When you have already initiated the RAG system at the first time, you can directly load the vector databse using ConnectRAG object:

In [None]:
cRAG = ConnectRAG(
    host = None,
    api_key = None,
    location = None,
    url = "http://localhost:6333",
    collection_name = "SuperSCC",
    embedding_model = "BAAI/bge-m3"
)

cRAG.connect_client()

Then, you can get the similar approach to get the cell type annotation:

In [None]:
cRAG.get_answer(gene_list = query_gene_list, hierarchy_search=True, hybrid_search=True)

To be user-friendly, we also built an interface for researchers who have less coding skills.
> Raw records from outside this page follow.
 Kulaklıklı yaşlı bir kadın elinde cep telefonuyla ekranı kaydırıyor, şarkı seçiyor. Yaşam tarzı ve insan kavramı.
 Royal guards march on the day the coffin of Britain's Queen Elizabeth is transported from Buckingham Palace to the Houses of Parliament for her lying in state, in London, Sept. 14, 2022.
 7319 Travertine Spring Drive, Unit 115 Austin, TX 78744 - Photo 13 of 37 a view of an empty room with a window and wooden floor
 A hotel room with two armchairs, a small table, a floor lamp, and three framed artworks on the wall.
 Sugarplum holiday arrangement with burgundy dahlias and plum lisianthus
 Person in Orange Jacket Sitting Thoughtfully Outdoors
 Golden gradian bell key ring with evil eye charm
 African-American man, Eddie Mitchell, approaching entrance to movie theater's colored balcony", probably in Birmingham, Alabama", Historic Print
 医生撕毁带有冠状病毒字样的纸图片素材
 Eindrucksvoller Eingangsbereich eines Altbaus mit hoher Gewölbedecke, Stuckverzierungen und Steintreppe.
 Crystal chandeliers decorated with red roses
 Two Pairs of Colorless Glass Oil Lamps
To initizate the interface, you should run the following code in the command:

In [None]:
# run the following code in command
# streamlit run app.py

Note: The `app.py` file stays in the 'SuperSCC/rag' folder 

Then, open the url in your browser and then the UI will come out

![image.png](attachment:image.png)

The left side bar can control whether to create a new RAG or connect an existing RAG as well as other parameters to initialize the RAG system. Once it sets done, you can enter your query gene list as shown in the right panel, then you can get the represented cell type.